Your instructions — Reproduce, exactly and in full, the records that follow, minus any pictures.

Top of Data records

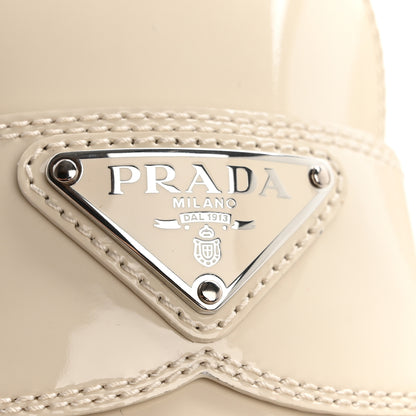 Prada Vernice Triangle 50mm Loafers 37.5 Avorio 10 of 12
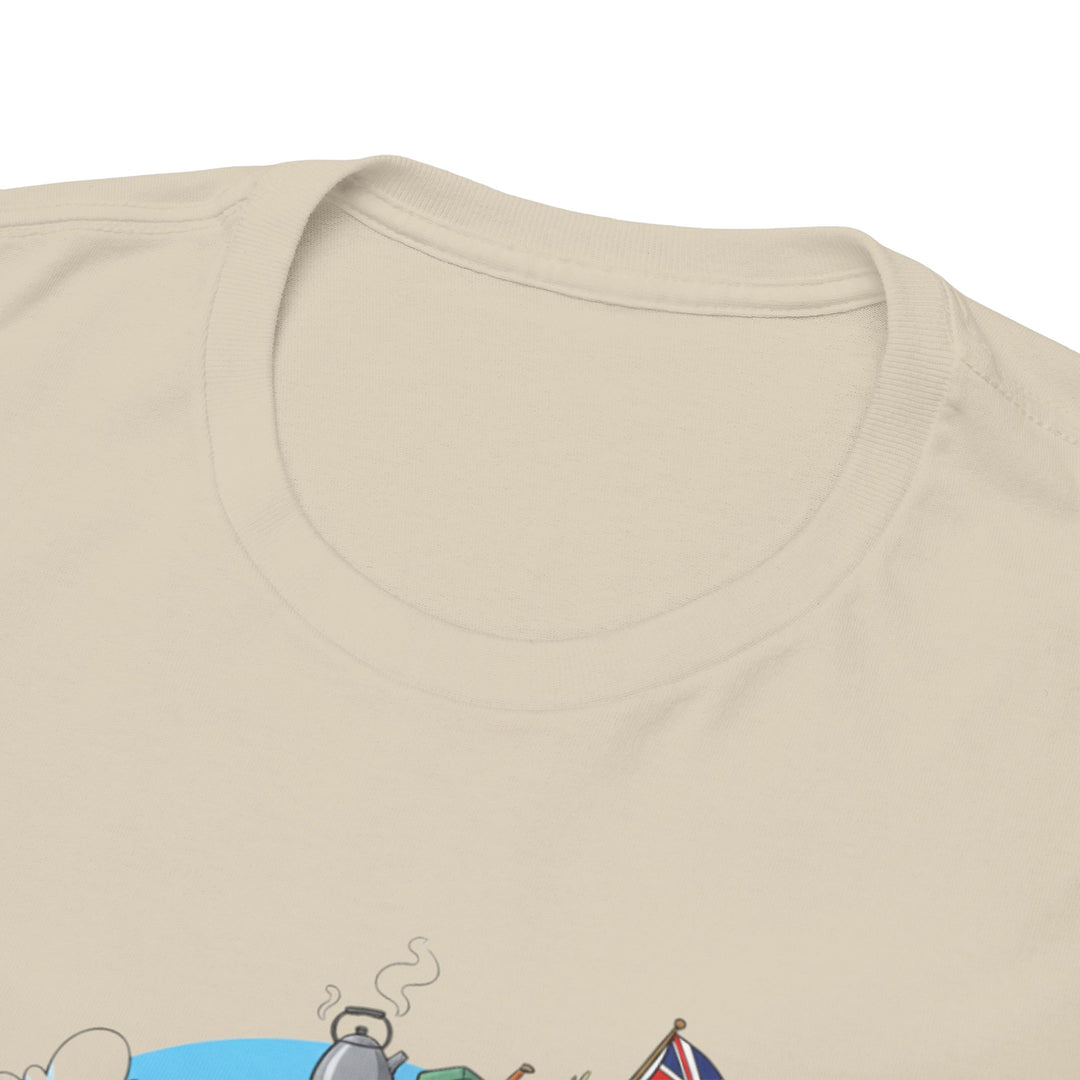 Retro Mountain Adventure T-Shirt - Vintage Camper Van Graphic Tee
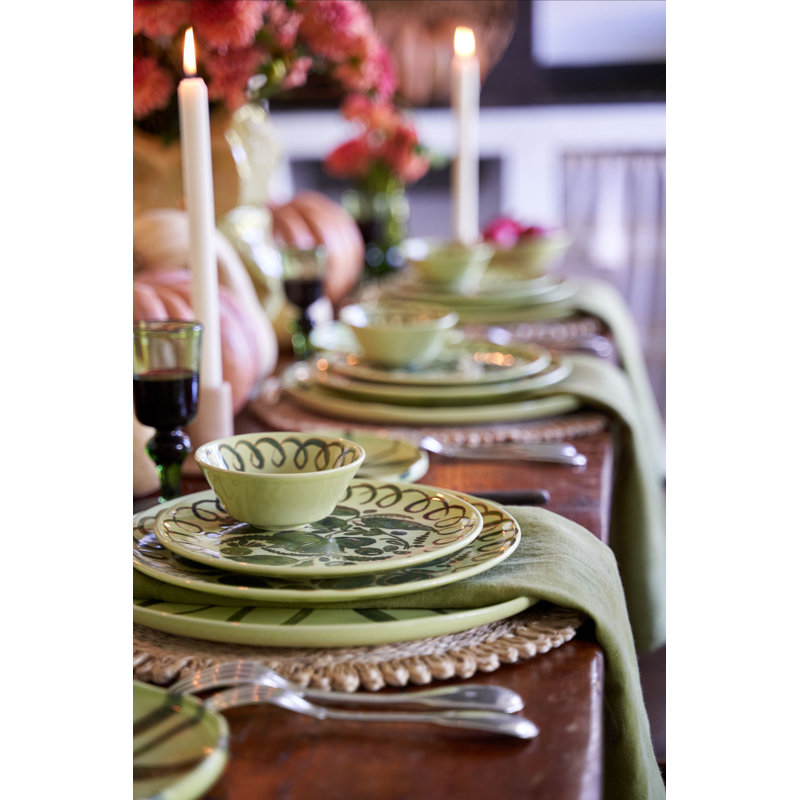 Amalfi Dinner Plate - 10.6", Lime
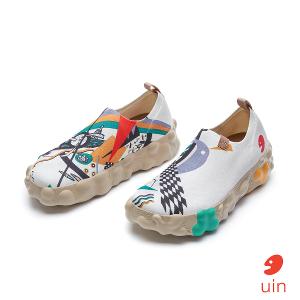 uin 西班牙原創設計 女鞋 帆布鞋 懶人鞋 康定斯基 小世界1彩繪休閒鞋W1711438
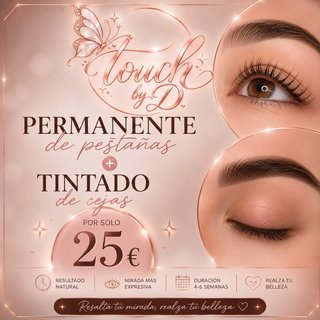 Permanente de pestañas y tintado de Cejas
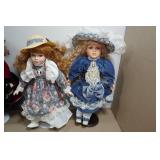 Vintage Heritage Mint Porcelain Dolls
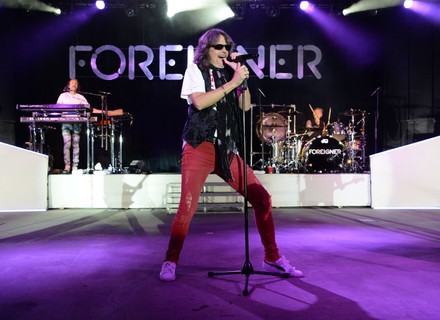 Foreigner in concert at The Pompano Beach Amphitheater, Pompano Beach, Florida, USA - 10 Mar 2022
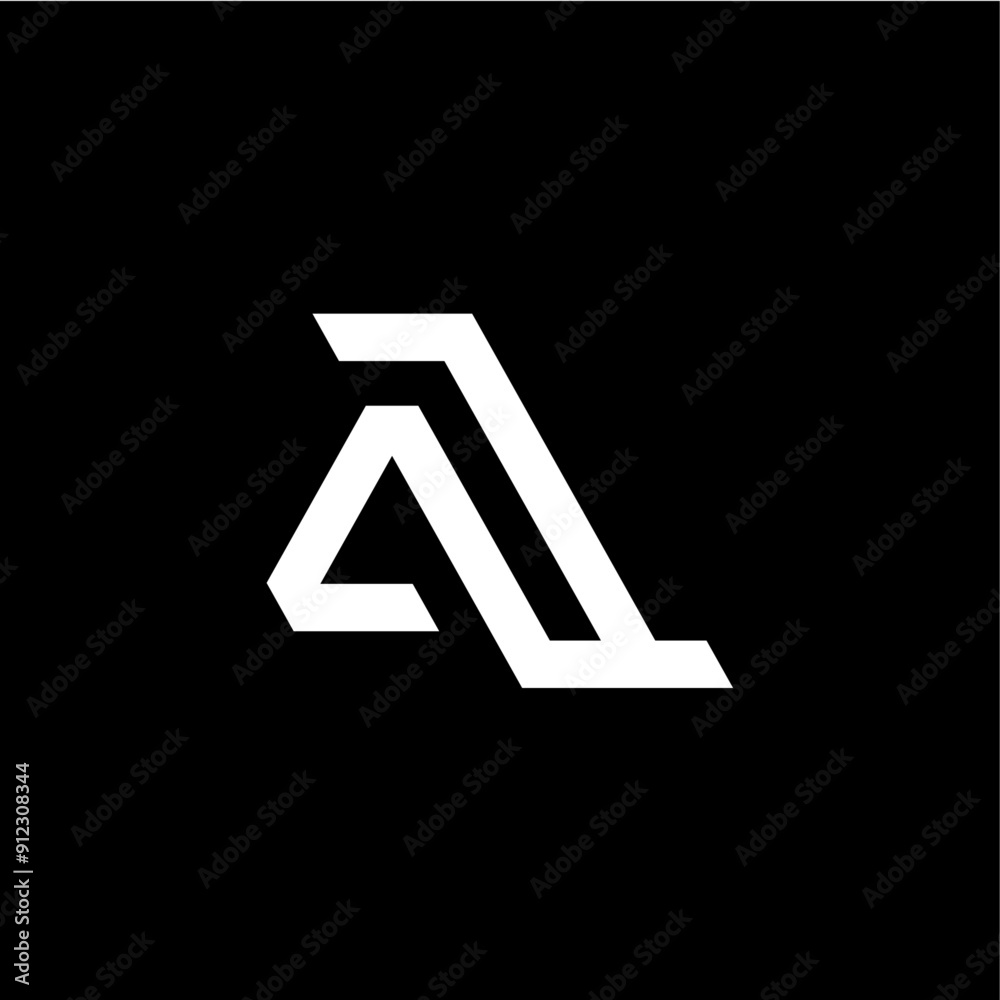 Fototapeta premium lambda logo vector icon illustration 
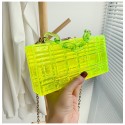 Fashion Acrylic Oneshoulder Messenger Color Small Square Bag Nhav412417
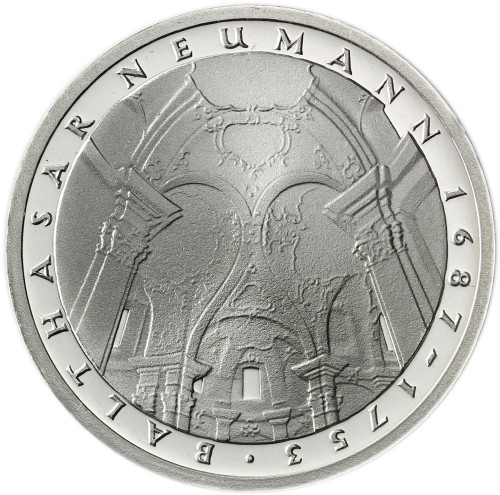 Deutschland 5 DM Silber 1978 Stgl. Balthasar Neumann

Bottom of Data records

Exercise solution —
 Prada Vernice Triangle 50mm Loafers 37.5 Avorio 10 of 12
 Retro Mountain Adventure T-Shirt - Vintage Camper Van Graphic Tee
 Amalfi Dinner Plate - 10.6", Lime
 uin 西班牙原創設計 女鞋 帆布鞋 懶人鞋 康定斯基 小世界1彩繪休閒鞋W1711438
 Permanente de pestañas y tintado de Cejas
 Vintage Heritage Mint Porcelain Dolls
 Foreigner in concert at The Pompano Beach Amphitheater, Pompano Beach, Florida, USA - 10 Mar 2022
 Fototapeta premium lambda logo vector icon illustration 
 Fashion Acrylic Oneshoulder Messenger Color Small Square Bag Nhav412417
 Deutschland 5 DM Silber 1978 Stgl. Balthasar Neumann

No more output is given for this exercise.